Büyük bir yanlışa düşürüldük. Yanılgılara teşne olduk. Maneviyatımıza son yüzyılda çelme takıldığını bile göre, aynı yerden bir kere değil, defalarca düşmeye talip ola ola geçtik. Her geçişimizde yeniden düştük. Her düşüşümüzde bir derin yara aldı inancımız, imanımız. Sancılandık!
Sızlanmalarla ayağa her kalkışımızda, birbirimize bakıp dinimizi en iyi yaşayanın kendimiz olduğunu zannettik. Tam da buydu çelme takanların maksadı. Maksatlarına mağlup olduğumuzu sorgulamak yerine birbirimizin imanını, amelini masaya yatırıp ihlas kontrolüne kalktık!
Hâlbuki mü’min kardeşimizin kalbindeki imanın mihenk taşı biz değildik. İman, ancak âlemlerin Rabbi olan Allah’ın nezdinde tartılasıydı. Zira Allah, şah damarımızdan yakın, gizli ve aşikâr olanı gören, kalplerimizi en iyi bilendi.
Ezelde “Elestü bi Rabbikum!” sorusunu sorandı. “Rabî Allah!” diyendik. Buna rağmen Yaratıcımızın ayet ayet indirdiği hakikatlere, peygamberimizin “sünnet-i seniyye”sine gözümüzü kapatıp manâ âlemimizi güpegündüz gece eylediğimizi fehmedemedik.
O geceye, modern dünyadan yıldızlar devşirip hakikate körleşerek o suni ışıltıya ram oluverdik.

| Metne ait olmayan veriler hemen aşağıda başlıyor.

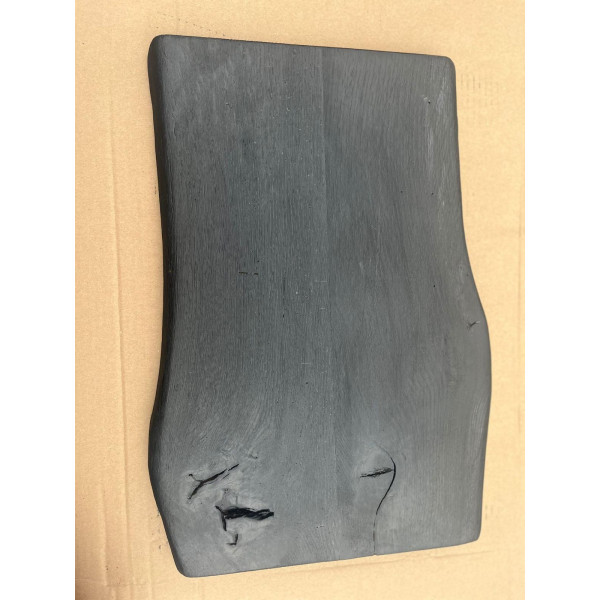 Geköhlte Eiche, Massivholz Tischplatte, 120x60x4,5cm, beidseitige Baumkante, Couchtisch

Sünnet; kanun ve yol demekti oysa… Peygamberimiz Hz. Muhammed Mustafa’nın (sas) sözü, hal ve takriri, Müslümanlar’ın ittibâında ve dinlemesinde maddi ve manevi pek çok fazilet bulunan, tatbikinde mühim sevaplar, terkinde mühim zararlar bulunan İslamî emirler demekti…
Seniyye ise çok kıymetli, çok mühim ve alî demekti. Biz dünyamızı ve ukbamızı saadete eriştirecek bu kıymetli yolu kulaktan dolma yahut uydurma hadislerle hafife aldık. Ve işte böyle aldandık. Ziyana uğratıldık!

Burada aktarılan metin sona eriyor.